------ Records shown ------
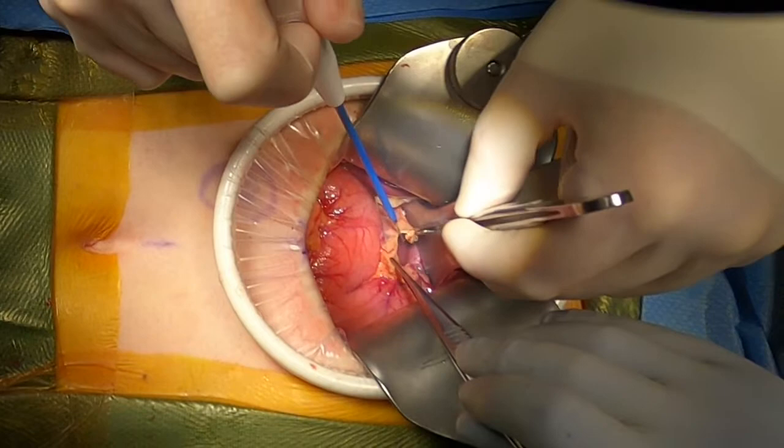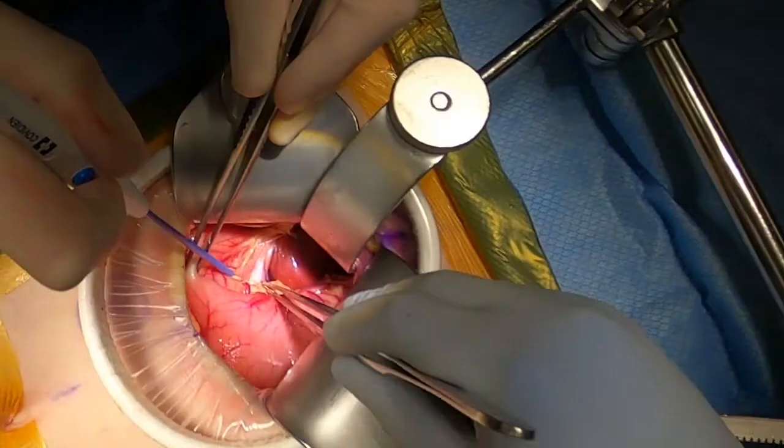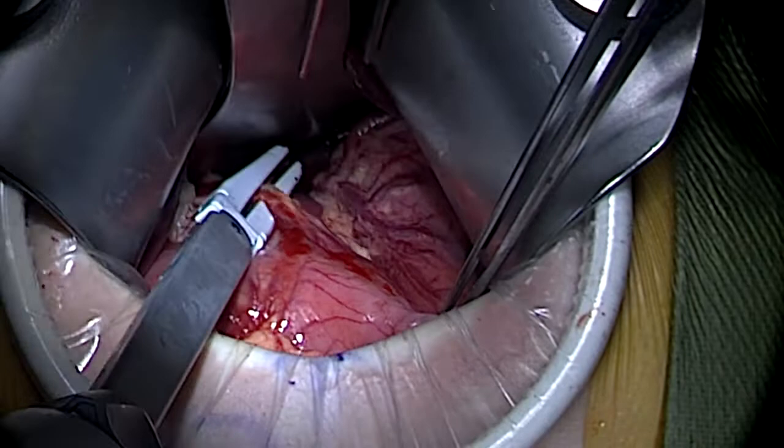Retracting the stomach caudally, we then opened the gastrohepatic ligament close to the liver. A common landmark is the hepatic artery lymph node overlying the hepatic artery, which thereby helps with identification of the right gastric artery. The right gastric artery is then divided, which can be completed with a vessel sealing energy device.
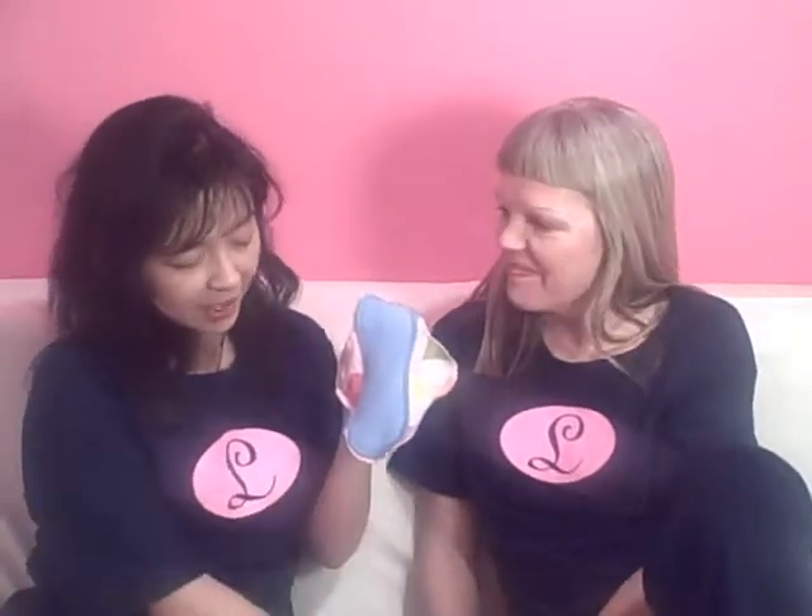Luna Pads are suitable for everything from light, average, and heavy menstrual flow, postpartum menstrual flow if you have the right pad, and even lighter stress incontinence. In contrast, panty liners are very similar to Luna Pads but with two different features. For one, there are no rick-rack bands, so you can't add liners to them.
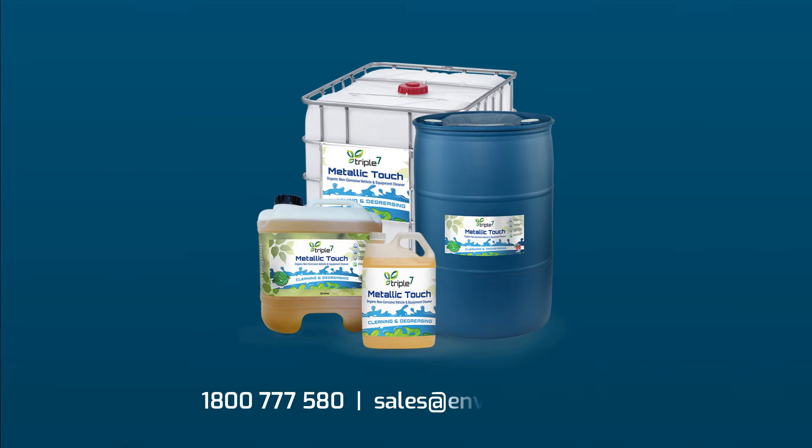For more information about our products, call 1-800-777-580 or email sales at envirofluid.com.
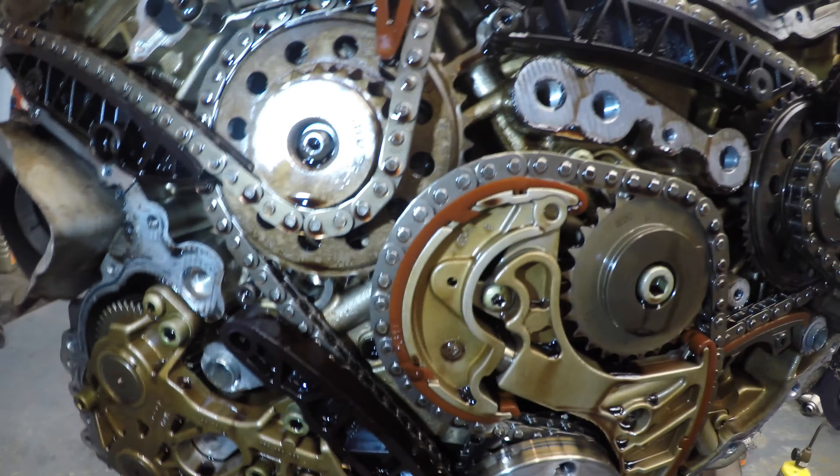And then we've got this problem — that was just loose like that. So this guide broke. It's supposed to have a wall on the other side like this one, and it's missing completely. So what we're gonna do is start taking all of the chains off and good stuff like that.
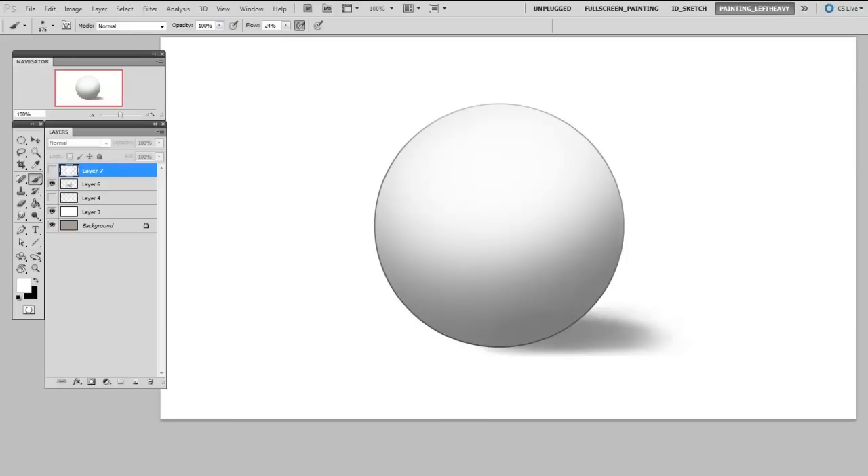So what does that mean, a toned canvas? Well, all that means is using something other than pure white to make your paintings on top of. Let me show you a simple situation where it would be useful. Here I have a rendered ball, but if I wanted to add a highlight to that ball, I'd have trouble, because the white of the page is as bright as it's going to get, and already the white of the page is being used to describe the halftone of this ball.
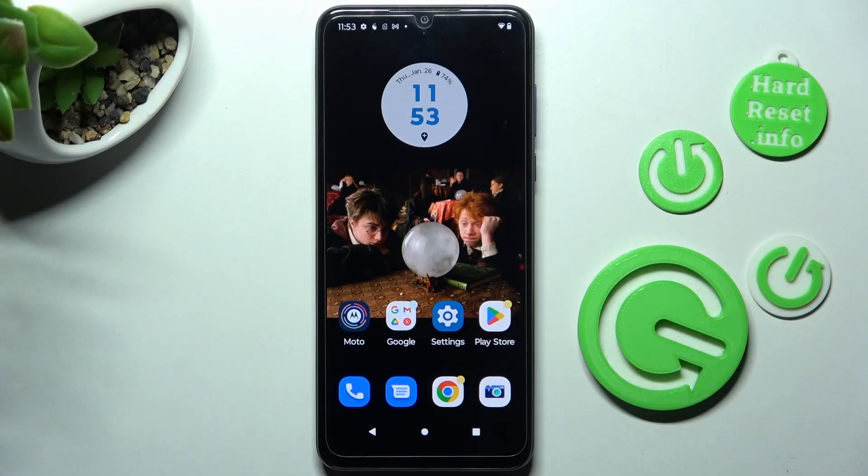Hi, in front of me is the Motorola Moto G Pure, and today I would like to show you how you can set up an alarm clock on this device.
------
What to work on — Copy the records above exactly. The pictures are not part of the copy.

Solution for this task —
Retracting the stomach caudally, we then opened the gastrohepatic ligament close to the liver. A common landmark is the hepatic artery lymph node overlying the hepatic artery, which thereby helps with identification of the right gastric artery. The right gastric artery is then divided, which can be completed with a vessel sealing energy device.
Luna Pads are suitable for everything from light, average, and heavy menstrual flow, postpartum menstrual flow if you have the right pad, and even lighter stress incontinence. In contrast, panty liners are very similar to Luna Pads but with two different features. For one, there are no rick-rack bands, so you can't add liners to them.
For more information about our products, call 1-800-777-580 or email sales at envirofluid.com.
And then we've got this problem — that was just loose like that. So this guide broke. It's supposed to have a wall on the other side like this one, and it's missing completely. So what we're gonna do is start taking all of the chains off and good stuff like that.
So what does that mean, a toned canvas? Well, all that means is using something other than pure white to make your paintings on top of. Let me show you a simple situation where it would be useful. Here I have a rendered ball, but if I wanted to add a highlight to that ball, I'd have trouble, because the white of the page is as bright as it's going to get, and already the white of the page is being used to describe the halftone of this ball.
Hi, in front of me is the Motorola Moto G Pure, and today I would like to show you how you can set up an alarm clock on this device.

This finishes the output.